30 anni fa, più o meno in questi giorni, usciva Vs. il secondo album dei Pearl Jam. Quale migliore occasione, quindi, per parlare di una delle band del mio cuore?
Siamo nel 1992, la band di Seattle è alle prese con l’estenuante tour di Ten - disco d’esordio nonché capolavoro assoluto e successo interplanetario.
Vedder e soci sono esausti, ma hanno ancora tanto per cui essere incazzati e quindi scrivono. Le prime bozze dei brani di Vs. nascono proprio fra una data e l’altra del tour.
Ad inizio 1993, poi, i Pearl Jam si chiudono in studio e iniziano a registrare, con alcune novità rispetto al lavoro precedente: Dave Abruzzese alla batteria - che già li aveva accompagnati durante il tour - e Brendan O’Brian in cabina di regia - dove ci resterà fino a Lightning Bolt del 2013.
Bisogna tener presente che siamo in un periodo molto particolare sia per i PJ che per il grunge. I Nirvana sono ormai arrivati alla fine e agli occhi del pubblico mainstream sono i Pearl Jam a portare avanti la bandiera del movimento con le camicie di flanella e tutto il resto.

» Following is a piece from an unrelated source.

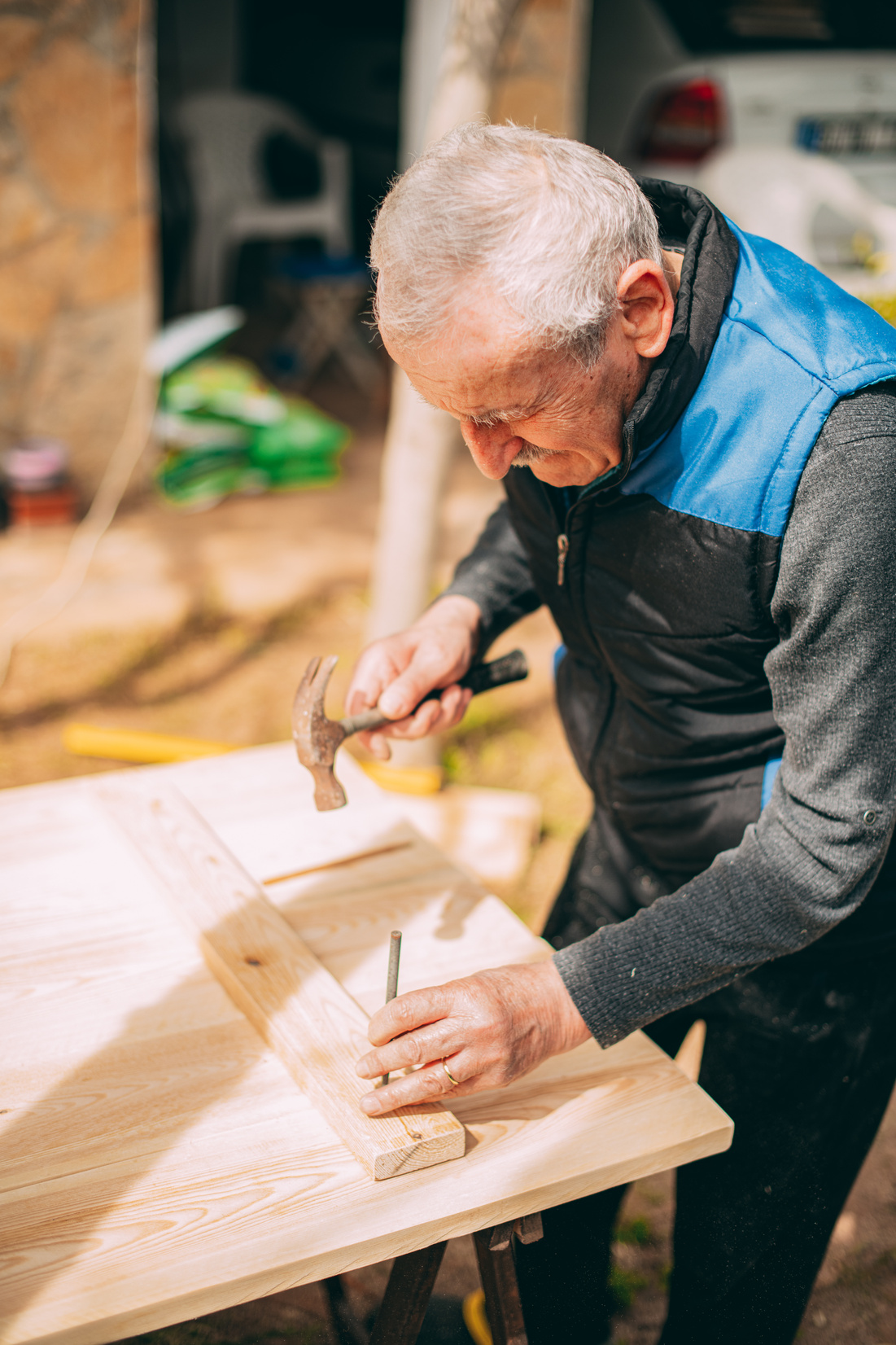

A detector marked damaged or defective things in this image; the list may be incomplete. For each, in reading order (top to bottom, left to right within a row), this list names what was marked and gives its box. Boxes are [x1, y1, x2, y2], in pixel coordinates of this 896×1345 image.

rusty hammer head [291, 653, 349, 807]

Vedder & co., dal canto loro, si trovano davanti all’epica impresa di dover superare - o quantomeno eguagliare - il successo di Ten e affrontano i fastidi legati allo showbiz, fra soldi che entrano a palate, necessità di restare fedeli alla linea e i primi screzi con Ticketmaster che si concluderanno in tribunale nel 1994.
La ricetta perfetta per il disastro. Eppure…
Quello che esce fuori da tutto questo, infatti, è un lavoro clamoroso, per certi aspetti migliore di Ten e che porta, definitivamente, i Pearl Jam fra i grandi della storia della musica, consegnandogli allo stesso tempo le chiavi del grunge.
Vs. è costellato di gemme. Al suo interno c’è di tutto: dalla rabbia di Go, Leash e Rats all’intensità di Indifference - in assoluto la mia preferita - passando per le quasi-ballate Daughter e Elderly Woman, senza dimenticare Rearviewmirror - altro brano che amo alla follia -, Dissident, W.M.A e tutto il resto.
È un disco che suona coeso, completo, anche più di Ten. Soprattutto, però, è un album diverso. Sono i Pearl Jam, sì, ma non copiano sé stessi.
Vs. è rabbioso, incazzato e diretto come se la band avesse provato a portare l’impostazione live in un disco in studio, ma allo stesso tempo innovativo.
La voce di Eddie raggiunge note incredibili e tocca vette di pathos impareggiabili. Abruzzese alla batteria gliene dà secche come se fosse l’ultima volta in vita sua che vede una batteria e così anche gli altri fra chitarre e basso.
Anche la mano di O’Brian si sente: tutto è al proprio posto e ogni canzone completa l’altra.
A trent’anni di distanza Vs. è ancora capace di catturare l’attenzione portando l’ascoltatore in una dimensione parallela fatta di chitarre distorte e voci graffianti. Il tutto confezionato in un formato così diretto che parlare di mainstream non risulta offensivo ma un sollievo per chi ama la buona musica.
A tal proposito, visto che ci sono artisti e “artisti”: questo disco nella prima settimana ha venduto 950mila copie e totalizzato 7 dischi di platino - veri eh, non streaming!
Il tutto senza un briciolo di pubblicità se non quella del lavoro precedente e dei live. Di fatti, nonostante fossero gli anni di MTV, i PJ non hanno pubblicato nessun videoclip per Vs. Per citare Stone Gossard:
"I don't want people to remember our songs as videos."
Per concludere, riprendo una questione venuta fuori durante la Live su Instagram con il Dottor Cyaomamma: il secondo album è davvero il più difficile nella carriera di un artista?
I Pearl Jam con Vs. dimostrano che sì, è sempre difficile ripetere un grande successo ma quando hai qualcosa da dire viene tutto un po’ più facile.
Peace!
p.s. non mi si venga a dire che parlo solo di jazz!